— Aim of the exercise —
Nothing after the line containing "Lampa grafit Zewnętrzny" belongs in the answer; write out exactly every line from the start of the material up to it, including it.

━━━ Exercise data ━━━

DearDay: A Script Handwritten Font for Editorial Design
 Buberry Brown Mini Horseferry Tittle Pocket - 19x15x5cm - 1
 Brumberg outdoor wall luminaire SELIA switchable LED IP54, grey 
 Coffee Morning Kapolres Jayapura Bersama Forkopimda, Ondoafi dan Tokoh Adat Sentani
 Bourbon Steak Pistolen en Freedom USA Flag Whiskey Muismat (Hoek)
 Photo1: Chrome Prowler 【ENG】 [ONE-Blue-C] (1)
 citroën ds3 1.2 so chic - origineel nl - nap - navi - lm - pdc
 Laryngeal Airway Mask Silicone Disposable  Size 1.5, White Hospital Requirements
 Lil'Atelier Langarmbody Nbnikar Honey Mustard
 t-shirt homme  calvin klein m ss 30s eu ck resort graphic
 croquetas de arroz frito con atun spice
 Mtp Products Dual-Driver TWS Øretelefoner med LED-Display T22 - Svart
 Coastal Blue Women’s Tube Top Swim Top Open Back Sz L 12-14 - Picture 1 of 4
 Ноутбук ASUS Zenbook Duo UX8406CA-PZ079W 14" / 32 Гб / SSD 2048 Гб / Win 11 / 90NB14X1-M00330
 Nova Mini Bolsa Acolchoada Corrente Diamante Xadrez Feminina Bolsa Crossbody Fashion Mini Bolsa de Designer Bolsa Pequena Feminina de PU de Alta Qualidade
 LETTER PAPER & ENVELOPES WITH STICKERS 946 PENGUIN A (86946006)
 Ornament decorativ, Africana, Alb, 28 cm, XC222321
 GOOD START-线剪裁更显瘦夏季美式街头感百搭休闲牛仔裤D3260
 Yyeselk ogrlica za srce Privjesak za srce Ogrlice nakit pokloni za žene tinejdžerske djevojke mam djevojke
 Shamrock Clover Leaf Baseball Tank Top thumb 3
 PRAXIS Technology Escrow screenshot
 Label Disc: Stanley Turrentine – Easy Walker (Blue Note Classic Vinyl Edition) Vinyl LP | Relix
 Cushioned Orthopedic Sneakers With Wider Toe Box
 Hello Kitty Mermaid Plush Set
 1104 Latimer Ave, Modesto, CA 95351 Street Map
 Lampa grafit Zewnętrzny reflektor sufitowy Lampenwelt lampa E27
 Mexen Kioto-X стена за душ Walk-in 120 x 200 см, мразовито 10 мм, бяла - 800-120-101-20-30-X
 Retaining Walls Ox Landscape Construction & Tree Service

━━━

— Response area —
DearDay: A Script Handwritten Font for Editorial Design
 Buberry Brown Mini Horseferry Tittle Pocket - 19x15x5cm - 1
 Brumberg outdoor wall luminaire SELIA switchable LED IP54, grey 
 Coffee Morning Kapolres Jayapura Bersama Forkopimda, Ondoafi dan Tokoh Adat Sentani
 Bourbon Steak Pistolen en Freedom USA Flag Whiskey Muismat (Hoek)
 Photo1: Chrome Prowler 【ENG】 [ONE-Blue-C] (1)
 citroën ds3 1.2 so chic - origineel nl - nap - navi - lm - pdc
 Laryngeal Airway Mask Silicone Disposable  Size 1.5, White Hospital Requirements
 Lil'Atelier Langarmbody Nbnikar Honey Mustard
 t-shirt homme  calvin klein m ss 30s eu ck resort graphic
 croquetas de arroz frito con atun spice
 Mtp Products Dual-Driver TWS Øretelefoner med LED-Display T22 - Svart
 Coastal Blue Women’s Tube Top Swim Top Open Back Sz L 12-14 - Picture 1 of 4
 Ноутбук ASUS Zenbook Duo UX8406CA-PZ079W 14" / 32 Гб / SSD 2048 Гб / Win 11 / 90NB14X1-M00330
 Nova Mini Bolsa Acolchoada Corrente Diamante Xadrez Feminina Bolsa Crossbody Fashion Mini Bolsa de Designer Bolsa Pequena Feminina de PU de Alta Qualidade
 LETTER PAPER & ENVELOPES WITH STICKERS 946 PENGUIN A (86946006)
 Ornament decorativ, Africana, Alb, 28 cm, XC222321
 GOOD START-线剪裁更显瘦夏季美式街头感百搭休闲牛仔裤D3260
 Yyeselk ogrlica za srce Privjesak za srce Ogrlice nakit pokloni za žene tinejdžerske djevojke mam djevojke
 Shamrock Clover Leaf Baseball Tank Top thumb 3
 PRAXIS Technology Escrow screenshot
 Label Disc: Stanley Turrentine – Easy Walker (Blue Note Classic Vinyl Edition) Vinyl LP | Relix
 Cushioned Orthopedic Sneakers With Wider Toe Box
 Hello Kitty Mermaid Plush Set
 1104 Latimer Ave, Modesto, CA 95351 Street Map
 Lampa grafit Zewnętrzny reflektor sufitowy Lampenwelt lampa E27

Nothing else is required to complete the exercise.